**ACTIVITY**
Only the lines from the "Calcium Chloride" line through the last line of the material below belong in the answer, reproduced exactly and with no pictures.
**********
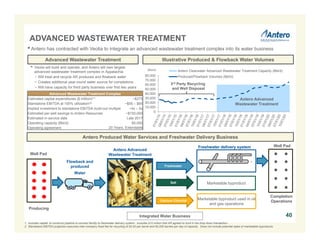 0
10,000
20,000
30,000
40,000
50,000
60,000
70,000
80,000
Antero Clearwater Advanced Wastewater Treatment Capacity (Bbl/d)
Produced/Flowback Volumes (Bbl/d)
ADVANCED WASTEWATER TREATMENT
Illustrative Produced & Flowback Water VolumesAdvanced Wastewater Treatment
Antero Produced Water Services and Freshwater Delivery Business
Antero Advanced
Wastewater Treatment
3rd Party Recycling
and Well Disposal
(Bbl/d)
Advanced Wastewater Treatment Complex
Estimated capital expenditures ($ million)(1) ~$275
Standalone EBITDA at 100% utilization(2) ~$55 – $65
Implied investment to standalone EBITDA build-out multiple ~4x – 5x
Estimated per well savings to Antero Resources ~$150,000
Estimated in-service date Late 2017
Operating capacity (Bbl/d) 60,000
Operating agreement
•Antero has contracted with Veolia to integrate an advanced wastewater treatment complex into its water business
• Veolia will build and operate, and Antero will own largest
advanced wastewater treatment complex in Appalachia
− Will treat and recycle AR produced and flowback water
− Creates additional year-round water source for completions
− Will have capacity for third party business over first two years
1. Includes capital to construct pipeline to connect facility to freshwater delivery system. Includes $10 million that AR agreed to fund in the drop down transaction.
2. Standalone EBITDA projection assumes inter-company fixed fee for recycling of $4.00 per barrel and 60,000 barrels per day of capacity. Does not include potential sales of marketable byproducts.
20 Years, Extendable
40Integrated Water Business
Antero Advanced
Wastewater Treatment
Freshwater delivery system
Flowback and
produced
Water
Well Pad
Well Pad
Completion
Operations
Producing
Freshwater
Salt
Calcium Chloride
Marketable byproduct
Marketable byproduct used in oil
and gas operations
Freshwater delivery system
 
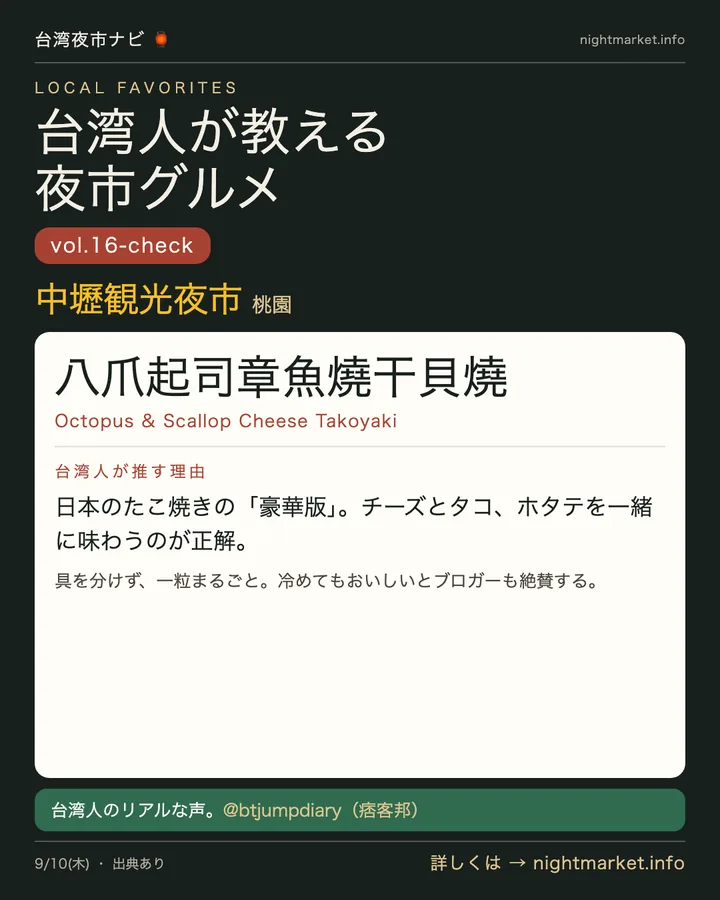 中壢夜市の屋台「八爪起司章魚燒干貝燒」を紹介する𝕏投稿カード vol.16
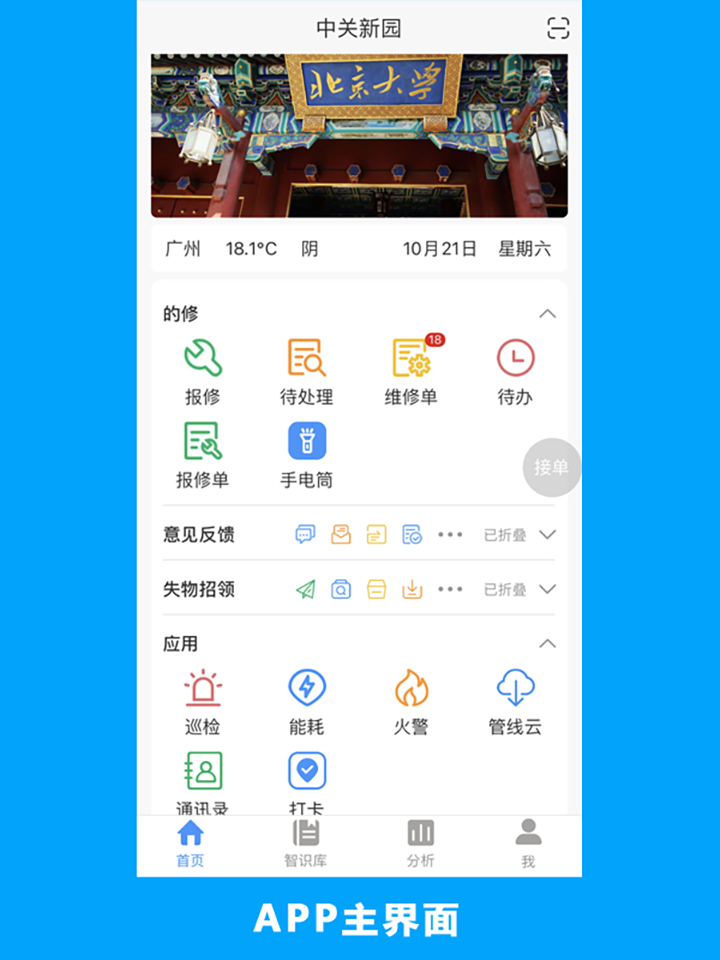 的修手机版图1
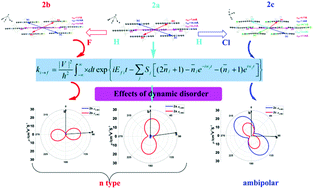 Graphical abstract: Theoretical study of synergetic effect between halogenation and pyrazine substitutions on transport properties of silylethynylated pentacene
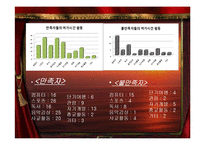 [조사방법론] 대학생의 여가 활동 연구-여가생활 실태조사와 제안-18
**********
**COMPLETED TASK**
Calcium Chloride
Marketable byproduct
Marketable byproduct used in oil
and gas operations
Freshwater delivery system
 
 中壢夜市の屋台「八爪起司章魚燒干貝燒」を紹介する𝕏投稿カード vol.16
 的修手机版图1
 Graphical abstract: Theoretical study of synergetic effect between halogenation and pyrazine substitutions on transport properties of silylethynylated pentacene
 [조사방법론] 대학생의 여가 활동 연구-여가생활 실태조사와 제안-18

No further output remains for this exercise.